Fine, you have my attention. What’s good about it?
It’s fun to see how Dragonflyman from Earth Alpha, the more Adam West cheery hero, succeeds and flourishes in Earth Omega. One has to wonder if Peyer and Igle are moving in a direction where a more positive hero can actually fix a downtrodden wreck of a world. How Dragonflyman from Earth Omega affects Earth Alpha remains to be seen, but even he seems to be getting a grip on how to fight crime in this somewhat cartoonish realm. It also helps both seem to understand how these worlds are different and are curtailing their acts.

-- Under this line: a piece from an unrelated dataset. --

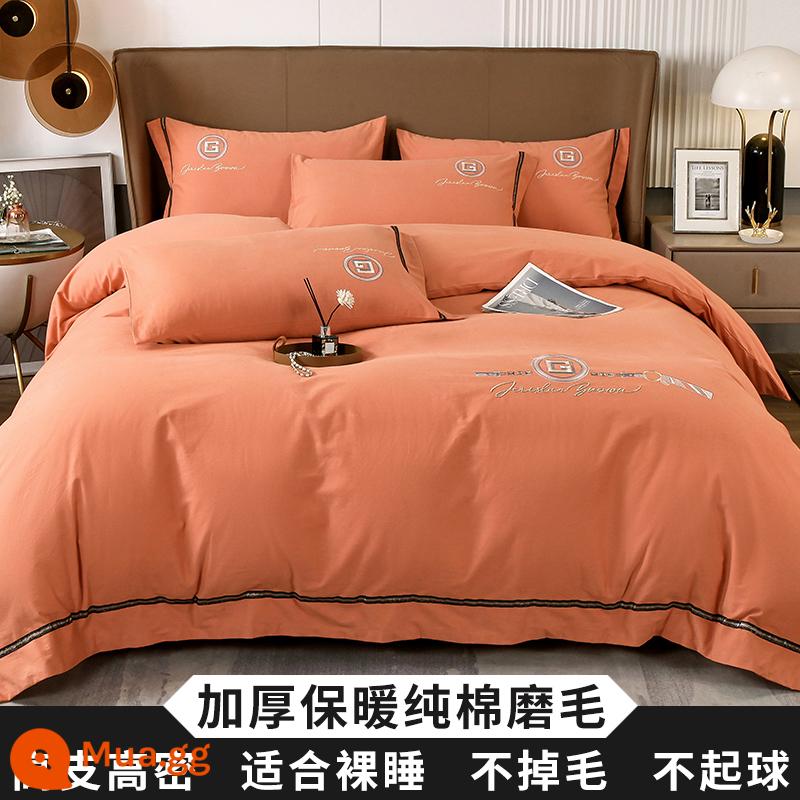 Cao Cấp 200 Tính Cotton Dày Chải 4 Bộ Cotton Nguyên Chất 100 Giường Vỏ Chăn Mùa Đông Chăn Ga Gối Ấm Áp - G-Cam cao cấp [bông nguyên chất dày chải]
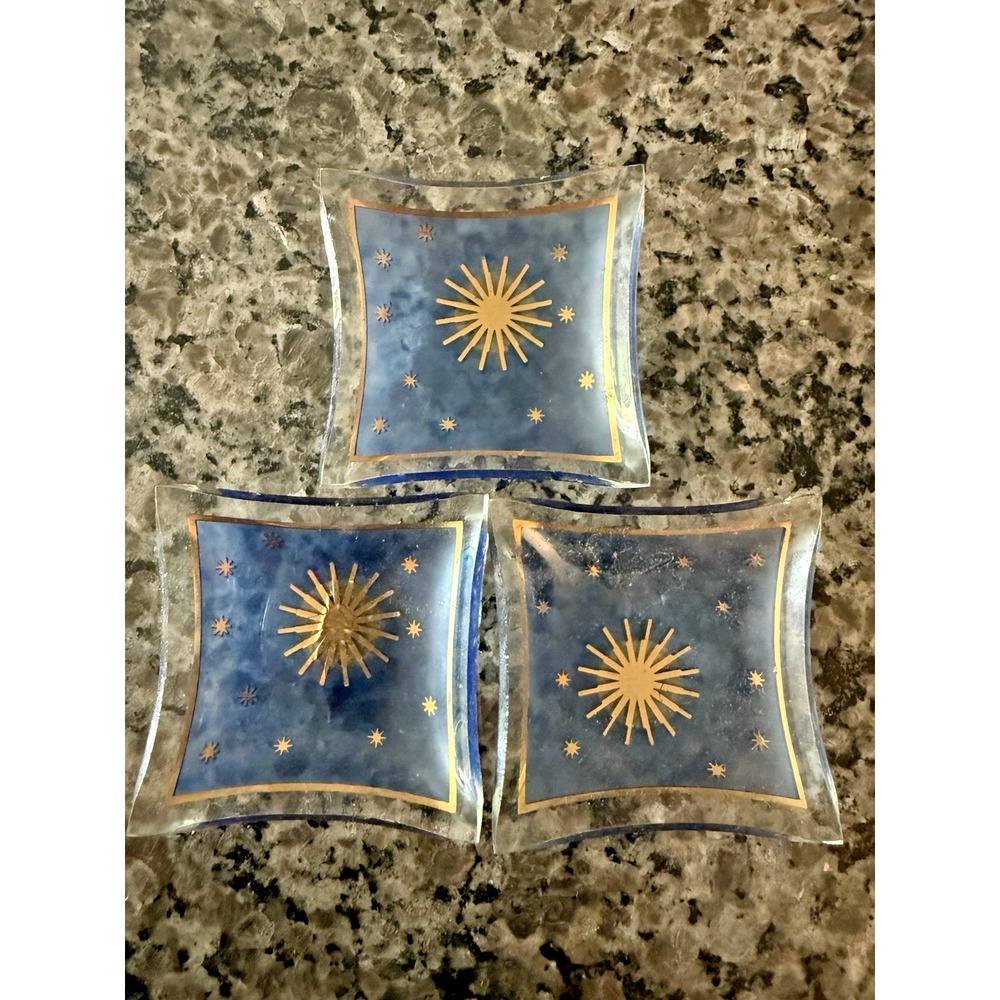Vintage MCM Atomic Starburst Glass Trinket Square Dishes Stars Blue Gold Set 3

You can see this with the more Frank Miller-esque Dragonflyman of Earth Omega not killing every villain he sees. He’s also a bit emotional when he sees his sidekick alive and kicking, but losing his wits. As the story progresses a major death occurs, and an interesting development in regards to sidekicks takes place. It’s hard to not enjoy this interesting take on heroes stranded in the wrong Earth.
Igle continues to impress as well. Layout designs mix things up with overlays and interesting ways of pacing the issue. There’s some heavier captioning going on but you will be none the wiser thanks to the art.
The backmatter continues to impress as well, this time including a mini-comic story by Paul Constant and Gary Erskine who show us Earth Omega Dragonflyman becoming sick of being a memory of hope rather than a harbinger of it. It’s a story that shows how the more dangerous and evil world he lives in is getting to him. This issue also comes with two short stories one by Matt Brady and another by Robert Jeschonek.
It can’t be perfect, can it?
That major death I mentioned above is a tad confusing visually. I gather what is happening by using a bit of imagination, but the visuals don’t convey what is happening exactly. It’s a head-scratcher.
Is it good?
This is a great issue and is surprisingly easy for new readers to jump into. There’s some recapping going on as the story seems to be shifting towards a new purpose now that the shock of the premise has run its course.